> _TASK REQUIREMENTS_: Your answer should be the lines below from the one holding "Electrocardiograma | Centrele" through the one holding "Head and neck", copied exactly and with nothing else.
** Opening GIVEN RECORDS block **
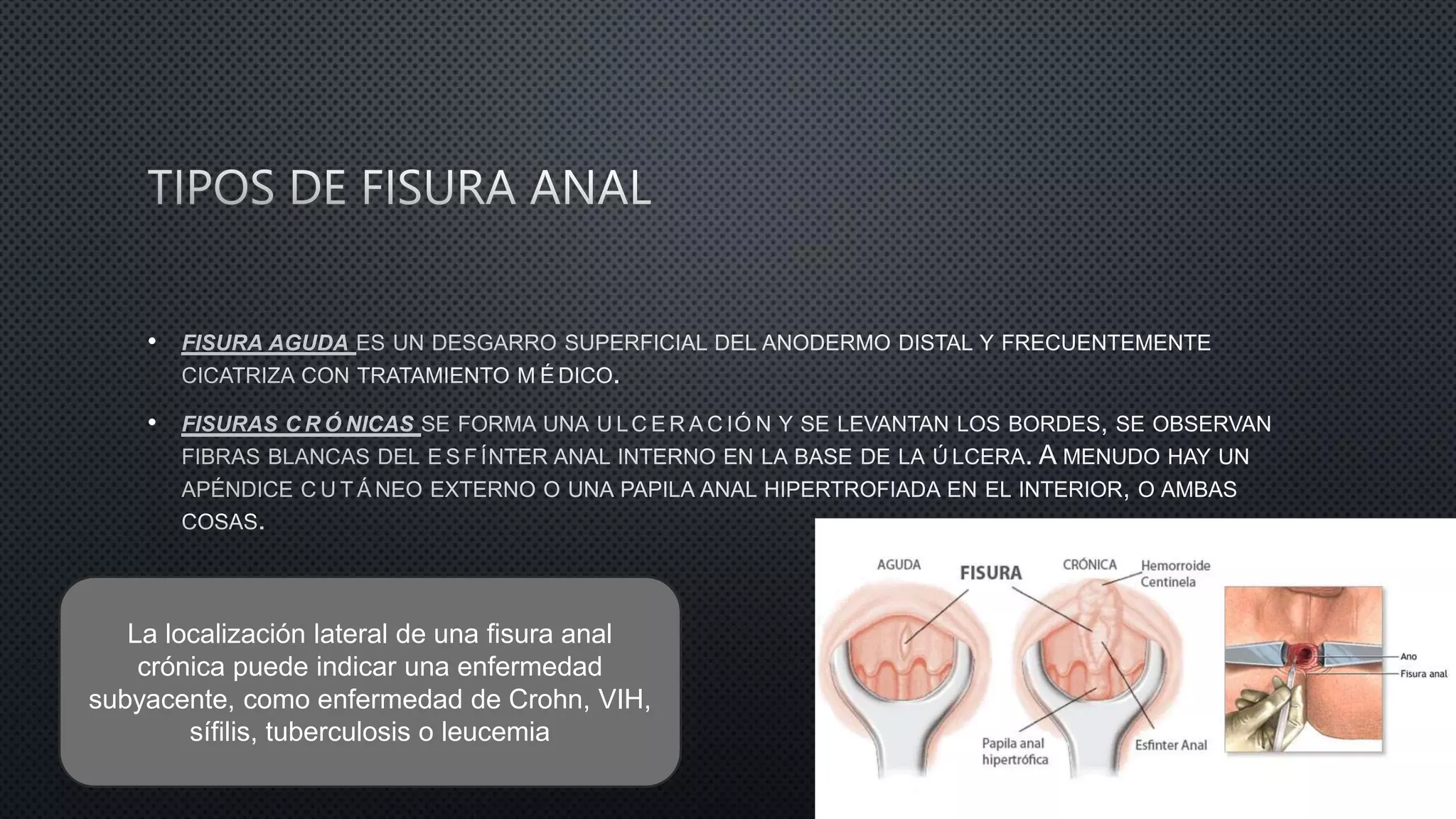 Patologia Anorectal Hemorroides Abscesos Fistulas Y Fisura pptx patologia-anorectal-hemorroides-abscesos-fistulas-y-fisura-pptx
** Closing GIVEN RECORDS block **
** Opening GIVEN RECORDS block **
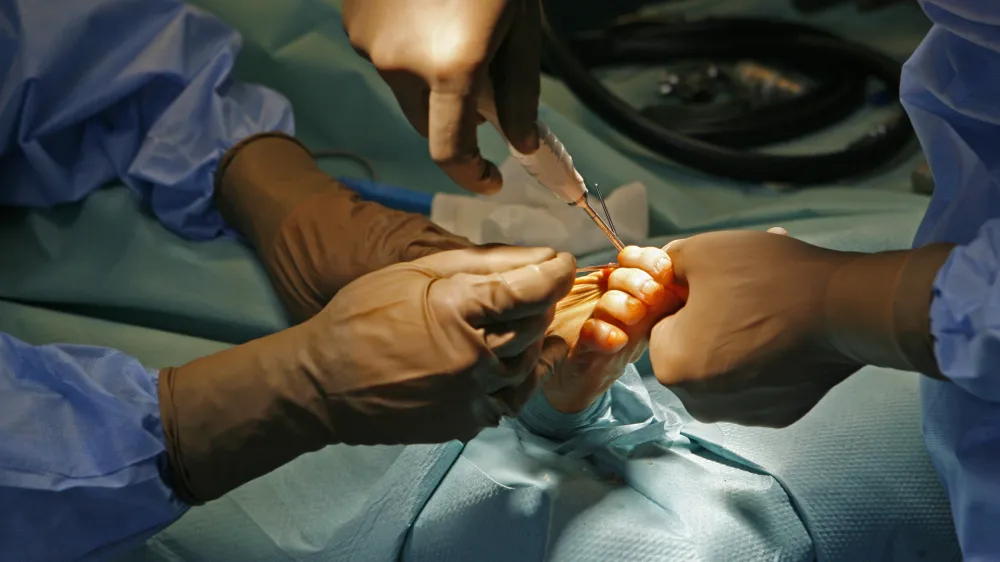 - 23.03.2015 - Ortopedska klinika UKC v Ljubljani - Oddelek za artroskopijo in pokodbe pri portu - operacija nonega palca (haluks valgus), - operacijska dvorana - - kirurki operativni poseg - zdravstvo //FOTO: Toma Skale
** Closing GIVEN RECORDS block **
** Opening GIVEN RECORDS block **
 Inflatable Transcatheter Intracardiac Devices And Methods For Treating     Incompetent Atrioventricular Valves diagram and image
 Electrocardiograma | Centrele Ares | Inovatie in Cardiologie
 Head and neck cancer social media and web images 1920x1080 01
** Closing GIVEN RECORDS block **
> _ANSWER TO THE PROBLEM_:
 Electrocardiograma | Centrele Ares | Inovatie in Cardiologie
 Head and neck cancer social media and web images 1920x1080 01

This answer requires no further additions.